Additionally, there is some evidence that insulin sensitizing agents can aid in both the medical and fertility therapy of PCOS. The best studied insulin sensitizing agent available in the United States for women with PCOS is metformin (Glucophage®). Metformin reduces circulating insulin and androgen levels and may restore normal ovulation in select women with PCOS. The most current scientific evidence shows that metformin alone does not usually restore ovulation, but in some women it may possibly improve the ovarian response to fertility medications. Most patients with PCOS do not need metformin, and the decision to prescribe metformin is made by your physician on a case-by-case basis to ensure personalized treatment plans.
In addition to these infertility and reproductive problems, there are also health issues for patients with PCOS that include: irregular menstrual periods, obesity, high cholesterol, high blood pressure and a pre-disposition towards Type 2 diabetes. Some of these symptoms, if left untreated, can lead to heart disease later in life.

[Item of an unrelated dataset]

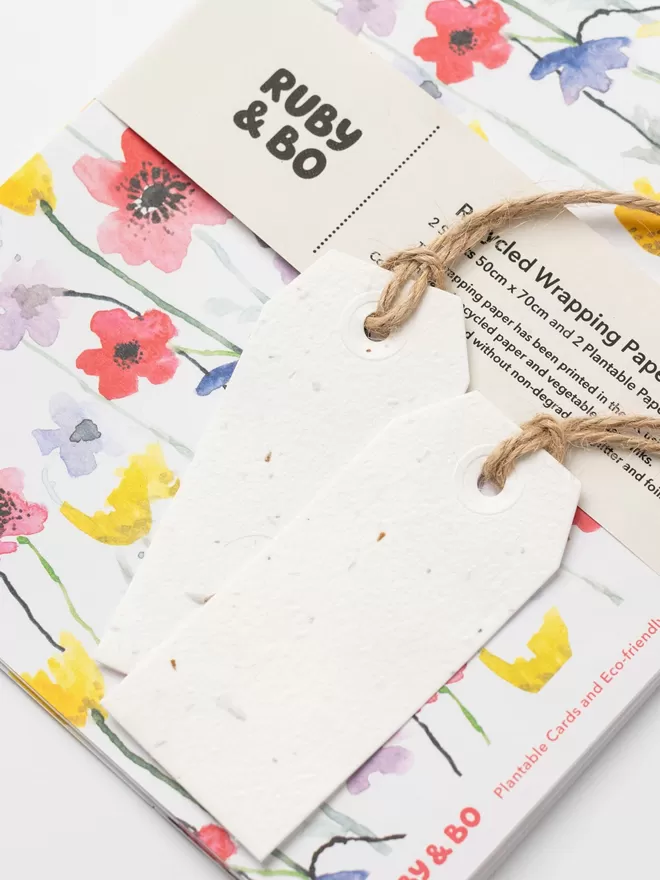 Poppy Meadow Recycled Wrap & Plantable Tag Set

Diagnosing PCOS: Symptoms and Tests
We can diagnosis women with PCOS by reviewing your symptoms: infertility, irregular menstrual periods (or skipping them entirely), severe and chronic acne and excessive body hair growth. The symptom that brings most women to see a specialist is irregular menstrual periods. If you are having fewer than 4-6 menstrual periods per year, you should have the lining of your uterus evaluated for overgrowth, a condition known as endometrial hyperplasia. You should also have a fasting sugar test to make sure you do not have a pre-diabetic condition called Insulin-Resistance that is common in patients with PCOS. Additionally, cholesterol levels and blood pressure should be checked regularly. It is also important to maintain a routine of diet and exercise. Many studies have shown an improvement in every aspect of PCOS with a sustained loss of 5-10% of your body weight, regardless of your starting weight.

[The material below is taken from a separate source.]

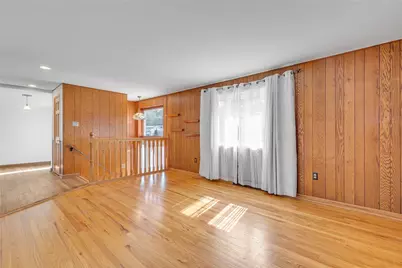 1040 Catherine Dr, Conway, PA 15027 - Photo 17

Treatment of PCOS: Four Main Goals
In terms of treatment, there are four main goals.
- If you are trying to have a baby, you should see a fertility specialist, called a Reproductive Endocrinologist & Infertility specialist, as soon as possible.
- Maintain the health of your body to prevent heart disease and diabetes.
- The severe acne and excessive hair growth of PCOS can be treated both medically and cosmetically.
- If you are not interested in becoming pregnant, your OBGYN can help regulate your menstrual periods in order to protect the lining of your uterus from overgrowth. This is usually accomplished through the use of birth control pills for cycle regulation.
Helping patients with PCOS achieve their family-building goals is our primary goal here at RMACT, but we never lose sight of the medical issues associated with this common condition.